Enhanced Spin-Orbit Torques and Magnetization Switching through Interface Engineering

TL;DR

This paper investigates the physics behind spin-orbit torques in heterostructures, proposing a new model that explains field-free magnetization switching through interface engineering and chemical potential gradients.

Contribution

It introduces a formula to evaluate perpendicular effective fields considering resistivity differences and interface effects, advancing understanding of spin-orbit torque mechanisms.

Findings

New torque mechanism may enable field-free switching.

Interface engineering influences spin current injection.

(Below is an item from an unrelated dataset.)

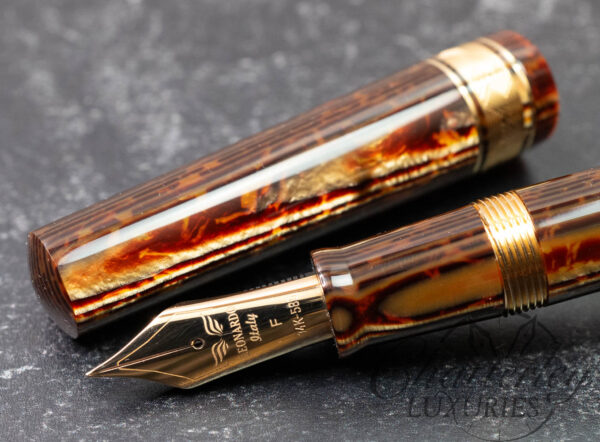 Leonardo Momento Zero Grande Cuspide Arco Brown Celluloid Limited Edition Fountain Pen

Model aligns with experimental observations of switching.

Abstract

The origin of spin-orbit torques generated from the conversion of charge-to-spin currents is of considerable debate. Solid understanding of the physics behind is key to the development of current and voltage controlled switching dynamics in ultrathin heterostuctures. The field free switching observed recently (Phys. Rev. Lett. 120, 117703 (2018)) in a Pt/W/CoFeB structure has intensified such a debate. Here we derive a formula to evaluate a perpendicular effective field generated when the current flows through the heterostructure, considering the large resistivity difference between the two normal metal layers and the chemical potential gradient created at the interface. Together with recent X-ray photoelectron spectroscopy findings at the interface of a Pd/CoFeB structure, we conclude that a new torque generated may play a key role in the field free switching. The model and mechanism proposed agrees with previous reports on spin current injection and field free switching using different interface engineering methods.